O último relatório do Estudo do Plano Nacional sobre Drogas na Espanha, detalha Millet, detectou que um em cada seis adolescentes acalmou suas tensões diante de um exame ou de uma ruptura tomando ansiolíticos. Os tranquilizantes pela primeira vez superam o álcool e o cigarro como droga de início.
Millet explica que os hiperpais entraram na escola e os colégios estão perplexos. Pais se que metem na Associação de Pais e Mestres para mudar o cardápio, pais que montam grupos de WhatsApp para criticar professores... “Professores me contam que encontram crianças que ouvem a palavra NÃO pela primeira vez na escola, que chegam com muito poucos limites, que não dormem, que caem no pátio e ficam imóveis à espera de alguém que os levante...”.
Pergunto a Clara Blanchar, colega de EL PAÍS, e autora (como eu) do blog De Mamas and de Papas e também mãe: “A mera descrição da hipercriança estressa e angustia. Claro que queremos o melhor para nossos filhos, mas exatamente porque minhas filhas (primeiro mundo, classe média) têm de tudo e com facilidade, considero importante valorizar a capacidade de ter consciência e de serem autônomas. Consultá-las e levá-las em consideração, tudo bem. Mas escolher... às vezes sim; em outras, tem que comer a verdura porque sim. E lembrá-las de que são privilegiadas; que, comparadas com outras realidades, estamos na Disneylândia. Faz tempo que abandonei essa infinita corrida pelo mais, pelo melhor. É difícil, porque a pressão (minha e alheia) é intensa e o sentimento de culpa por não fazer mais é cruel, mas tento relaxar, consciente de que jogo em outra liga (na qual também há boas escolas, atividades extracurriculares e acampamentos). E para que procurem espaços para fazer o que é mais legal de ser criança: brincar, brincar e brincar, se puder ser ao ar livre e com primos e amigos, melhor”. Blanchar acredita em sua amiga Mariluz: “É a rainha de abandonar o hipercriancismo. Ao ver o ritmo e o nível de festas de aniversário da classe apenas três meses depois de começar o curso, decidiu baixar a bola e levar quatro amigas para dormir em casa. Faz anos que faço isso e dá certo.”

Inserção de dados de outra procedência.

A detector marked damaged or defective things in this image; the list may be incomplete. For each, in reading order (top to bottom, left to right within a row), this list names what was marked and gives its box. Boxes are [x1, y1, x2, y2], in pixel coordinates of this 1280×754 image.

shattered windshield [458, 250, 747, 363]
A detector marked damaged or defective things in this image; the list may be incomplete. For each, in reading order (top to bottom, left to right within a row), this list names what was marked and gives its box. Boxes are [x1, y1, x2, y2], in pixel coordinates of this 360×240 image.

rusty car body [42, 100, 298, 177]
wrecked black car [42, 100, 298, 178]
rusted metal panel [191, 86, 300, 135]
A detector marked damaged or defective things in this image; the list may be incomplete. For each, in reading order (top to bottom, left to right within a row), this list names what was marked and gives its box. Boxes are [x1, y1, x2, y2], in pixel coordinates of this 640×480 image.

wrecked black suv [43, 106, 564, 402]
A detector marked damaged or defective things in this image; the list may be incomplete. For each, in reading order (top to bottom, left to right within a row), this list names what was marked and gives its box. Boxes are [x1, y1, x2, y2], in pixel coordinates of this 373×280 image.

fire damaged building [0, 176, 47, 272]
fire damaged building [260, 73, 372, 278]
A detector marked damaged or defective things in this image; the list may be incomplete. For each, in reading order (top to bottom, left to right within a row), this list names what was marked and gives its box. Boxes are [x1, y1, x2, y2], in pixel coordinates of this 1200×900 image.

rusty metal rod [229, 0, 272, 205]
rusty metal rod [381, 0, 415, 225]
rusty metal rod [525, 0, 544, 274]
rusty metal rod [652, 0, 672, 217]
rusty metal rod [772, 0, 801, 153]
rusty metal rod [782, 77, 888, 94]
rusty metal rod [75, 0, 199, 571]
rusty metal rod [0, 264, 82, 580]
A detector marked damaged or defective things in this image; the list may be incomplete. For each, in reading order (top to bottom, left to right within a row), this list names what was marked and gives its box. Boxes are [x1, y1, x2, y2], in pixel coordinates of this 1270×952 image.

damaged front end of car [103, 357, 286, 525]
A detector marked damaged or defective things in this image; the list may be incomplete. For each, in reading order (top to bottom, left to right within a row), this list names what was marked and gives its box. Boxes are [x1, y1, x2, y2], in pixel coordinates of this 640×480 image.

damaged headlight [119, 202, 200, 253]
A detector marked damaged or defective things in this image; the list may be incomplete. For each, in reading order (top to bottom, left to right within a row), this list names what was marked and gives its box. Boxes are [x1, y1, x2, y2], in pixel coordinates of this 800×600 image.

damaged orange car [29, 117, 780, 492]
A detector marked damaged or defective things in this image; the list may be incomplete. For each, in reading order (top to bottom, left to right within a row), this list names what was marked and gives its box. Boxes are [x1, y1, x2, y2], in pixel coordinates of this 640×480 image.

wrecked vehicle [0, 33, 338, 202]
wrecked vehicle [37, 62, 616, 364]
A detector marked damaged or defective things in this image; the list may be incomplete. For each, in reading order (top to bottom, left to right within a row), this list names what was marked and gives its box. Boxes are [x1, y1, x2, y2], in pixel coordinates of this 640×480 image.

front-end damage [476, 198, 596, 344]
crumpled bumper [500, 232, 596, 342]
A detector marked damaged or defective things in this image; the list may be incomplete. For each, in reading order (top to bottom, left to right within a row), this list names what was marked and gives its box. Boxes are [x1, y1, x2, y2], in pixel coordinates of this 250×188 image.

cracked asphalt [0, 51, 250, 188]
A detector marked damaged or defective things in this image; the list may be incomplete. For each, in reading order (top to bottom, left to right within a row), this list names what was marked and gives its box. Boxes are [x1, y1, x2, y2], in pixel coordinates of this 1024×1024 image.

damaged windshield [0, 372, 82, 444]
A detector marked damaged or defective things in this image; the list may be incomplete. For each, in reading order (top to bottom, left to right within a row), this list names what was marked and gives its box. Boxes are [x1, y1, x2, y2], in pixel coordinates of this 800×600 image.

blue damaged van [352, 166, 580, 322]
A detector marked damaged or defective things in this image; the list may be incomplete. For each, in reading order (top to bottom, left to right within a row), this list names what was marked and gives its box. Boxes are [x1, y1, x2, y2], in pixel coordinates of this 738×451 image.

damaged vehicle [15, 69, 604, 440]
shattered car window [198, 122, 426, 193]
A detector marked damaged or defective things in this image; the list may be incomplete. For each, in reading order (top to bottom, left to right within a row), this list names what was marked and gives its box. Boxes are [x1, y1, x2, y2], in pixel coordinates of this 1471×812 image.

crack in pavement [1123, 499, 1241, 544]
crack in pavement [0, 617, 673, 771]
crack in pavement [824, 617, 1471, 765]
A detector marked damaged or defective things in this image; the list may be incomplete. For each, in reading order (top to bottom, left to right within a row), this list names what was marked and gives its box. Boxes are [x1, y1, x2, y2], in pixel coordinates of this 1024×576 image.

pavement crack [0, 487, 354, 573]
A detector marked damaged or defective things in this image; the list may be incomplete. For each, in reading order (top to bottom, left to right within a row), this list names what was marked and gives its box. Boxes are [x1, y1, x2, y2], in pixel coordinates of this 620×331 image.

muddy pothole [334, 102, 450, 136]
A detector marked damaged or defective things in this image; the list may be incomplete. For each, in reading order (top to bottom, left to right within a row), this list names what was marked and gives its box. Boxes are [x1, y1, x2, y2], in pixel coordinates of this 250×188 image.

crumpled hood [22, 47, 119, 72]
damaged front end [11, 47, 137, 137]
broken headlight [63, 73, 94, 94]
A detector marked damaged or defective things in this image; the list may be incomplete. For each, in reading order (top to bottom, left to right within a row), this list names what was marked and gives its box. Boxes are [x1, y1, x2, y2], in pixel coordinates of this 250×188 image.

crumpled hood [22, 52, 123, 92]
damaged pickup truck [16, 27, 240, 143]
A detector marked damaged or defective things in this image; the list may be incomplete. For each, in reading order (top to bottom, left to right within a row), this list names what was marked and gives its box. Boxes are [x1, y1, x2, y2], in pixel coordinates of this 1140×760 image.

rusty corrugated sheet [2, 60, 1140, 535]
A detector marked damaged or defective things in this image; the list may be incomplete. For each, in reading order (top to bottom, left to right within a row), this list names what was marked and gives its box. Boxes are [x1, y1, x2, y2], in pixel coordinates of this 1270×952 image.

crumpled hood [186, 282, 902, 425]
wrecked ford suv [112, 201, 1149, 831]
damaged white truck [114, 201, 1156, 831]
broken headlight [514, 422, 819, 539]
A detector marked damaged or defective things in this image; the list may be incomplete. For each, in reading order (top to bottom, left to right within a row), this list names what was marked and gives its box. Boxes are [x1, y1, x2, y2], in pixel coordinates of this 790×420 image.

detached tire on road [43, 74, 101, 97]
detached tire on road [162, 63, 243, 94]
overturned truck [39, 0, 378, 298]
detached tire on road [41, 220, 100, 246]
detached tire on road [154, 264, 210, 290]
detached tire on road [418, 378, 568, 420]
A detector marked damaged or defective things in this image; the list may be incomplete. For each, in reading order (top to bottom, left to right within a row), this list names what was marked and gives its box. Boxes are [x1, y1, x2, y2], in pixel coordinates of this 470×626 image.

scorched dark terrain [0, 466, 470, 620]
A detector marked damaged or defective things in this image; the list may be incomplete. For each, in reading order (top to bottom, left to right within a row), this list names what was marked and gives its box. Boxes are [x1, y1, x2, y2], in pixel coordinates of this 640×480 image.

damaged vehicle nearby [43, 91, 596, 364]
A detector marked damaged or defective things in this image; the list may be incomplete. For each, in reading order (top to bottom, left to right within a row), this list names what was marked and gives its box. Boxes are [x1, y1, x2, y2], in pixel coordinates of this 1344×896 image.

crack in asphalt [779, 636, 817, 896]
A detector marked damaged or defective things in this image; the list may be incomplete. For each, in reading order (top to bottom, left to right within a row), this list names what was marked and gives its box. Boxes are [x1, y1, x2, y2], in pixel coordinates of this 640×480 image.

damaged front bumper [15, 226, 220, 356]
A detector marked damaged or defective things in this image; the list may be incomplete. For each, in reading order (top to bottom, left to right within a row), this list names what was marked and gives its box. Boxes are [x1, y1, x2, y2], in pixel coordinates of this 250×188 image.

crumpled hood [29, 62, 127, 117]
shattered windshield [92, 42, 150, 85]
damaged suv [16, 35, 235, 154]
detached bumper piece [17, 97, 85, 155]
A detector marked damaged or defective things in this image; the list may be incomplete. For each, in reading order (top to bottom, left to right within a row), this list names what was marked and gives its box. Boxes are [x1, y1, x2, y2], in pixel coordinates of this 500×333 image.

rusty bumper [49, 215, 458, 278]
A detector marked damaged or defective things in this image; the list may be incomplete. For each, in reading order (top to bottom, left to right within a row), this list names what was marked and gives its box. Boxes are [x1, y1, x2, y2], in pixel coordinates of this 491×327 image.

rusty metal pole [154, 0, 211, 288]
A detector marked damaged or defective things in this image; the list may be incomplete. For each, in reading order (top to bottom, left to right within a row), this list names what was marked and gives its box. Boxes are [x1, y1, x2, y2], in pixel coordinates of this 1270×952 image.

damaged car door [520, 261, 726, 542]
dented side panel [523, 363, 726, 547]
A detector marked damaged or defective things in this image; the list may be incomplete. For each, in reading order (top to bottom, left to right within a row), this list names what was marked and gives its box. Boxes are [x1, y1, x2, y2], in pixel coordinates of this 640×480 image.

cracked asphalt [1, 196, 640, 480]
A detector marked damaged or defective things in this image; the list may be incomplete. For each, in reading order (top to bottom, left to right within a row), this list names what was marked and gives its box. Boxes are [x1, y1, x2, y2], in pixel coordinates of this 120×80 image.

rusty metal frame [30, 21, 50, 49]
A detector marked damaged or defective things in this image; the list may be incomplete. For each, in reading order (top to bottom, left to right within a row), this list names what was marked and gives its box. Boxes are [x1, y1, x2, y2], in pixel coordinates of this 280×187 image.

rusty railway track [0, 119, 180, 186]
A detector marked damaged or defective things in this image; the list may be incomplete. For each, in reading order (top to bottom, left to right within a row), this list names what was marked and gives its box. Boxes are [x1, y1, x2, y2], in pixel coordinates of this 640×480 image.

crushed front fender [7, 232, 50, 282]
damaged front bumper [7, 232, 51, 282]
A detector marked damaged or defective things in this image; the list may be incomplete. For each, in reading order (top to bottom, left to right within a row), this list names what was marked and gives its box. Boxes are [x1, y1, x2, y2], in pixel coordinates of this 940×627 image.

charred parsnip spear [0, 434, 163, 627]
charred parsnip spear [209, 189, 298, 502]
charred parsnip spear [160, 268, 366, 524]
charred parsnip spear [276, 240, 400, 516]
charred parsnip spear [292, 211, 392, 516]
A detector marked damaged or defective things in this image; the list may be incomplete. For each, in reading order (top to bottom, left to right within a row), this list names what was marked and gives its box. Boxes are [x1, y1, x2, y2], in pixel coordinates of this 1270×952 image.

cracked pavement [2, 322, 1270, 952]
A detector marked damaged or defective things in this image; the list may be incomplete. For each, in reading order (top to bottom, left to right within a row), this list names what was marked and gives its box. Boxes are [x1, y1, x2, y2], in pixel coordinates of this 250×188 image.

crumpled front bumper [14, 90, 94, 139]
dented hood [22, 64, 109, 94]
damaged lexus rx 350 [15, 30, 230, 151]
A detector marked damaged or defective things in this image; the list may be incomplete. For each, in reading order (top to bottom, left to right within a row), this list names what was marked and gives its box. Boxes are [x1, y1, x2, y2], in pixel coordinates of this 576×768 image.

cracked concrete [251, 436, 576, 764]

Custa acreditar que a geração que Millet chama de criança móvel seja agora a que produza filhos altar. Não entendo como aquelas crianças que não tiveram festas de aniversário em bufês infantis nem férias de verão para ver tartarugas na Costa Rica agora se matem para encontrar os acampamentos mais especializados ou escolham uma creche que ensine mandarim. Nesse caminho, e isso é certo, os pais e mães perderam a autoridade. “Vejo que é um fenômeno cada vez mais amplo. A média de filhos é de 1,3 por casal, eles nascem mais tarde e pensamos em como serão, já que além de mães contamos com experiência profissional. Uma coisa da hiperpaternidade é que o filho é gerenciado e você importa ferramentas do trabalho para educar; temos mais recursos e além disso existe a concorrência entre as famílias. Há um terror de que seu filho acredite que ficou para trás porque esse modelo se baseia na precocidade. No fim, ser pai ou mãe é uma maratona. Um fenômeno muito curioso é falar no plural: “fomos aprovados, tomamos uma suspensão, nos apaixonamos...”, explica Millet, que cita duas imagens que se repete: a criança que desce do ônibus e entrega a mochila ao pai ou à mãe para que a carreguem ou o pai/mãe que persegue o filho com um sanduíche na mão pelo parque para que a criança o mordisque.
O alívio se transforma progressivamente em angústia conforme a conversa avança. Estamos fazendo tudo tão errado assim? “Há medo de impor limites para não parecermos uns generais. Afeto e limites são os pilares da educação. O que temos de fazer é relaxar. Complicamos a vida de forma desnecessária. É preciso pensar que a educação acontece em longo prazo e que você não é inteiramente responsável pelo que vai acontecer com seu filho. Defendo confiar em nós mesmos, mas também nas crianças.”
Fim de papo. Duas mensagens ficam claras para mim: nunca mais vou carregar a mochila dos meus filhos e vou colocar limites. Hoje, porém, fiz tudo errado de novo. O lanche voltou a ser chocolate.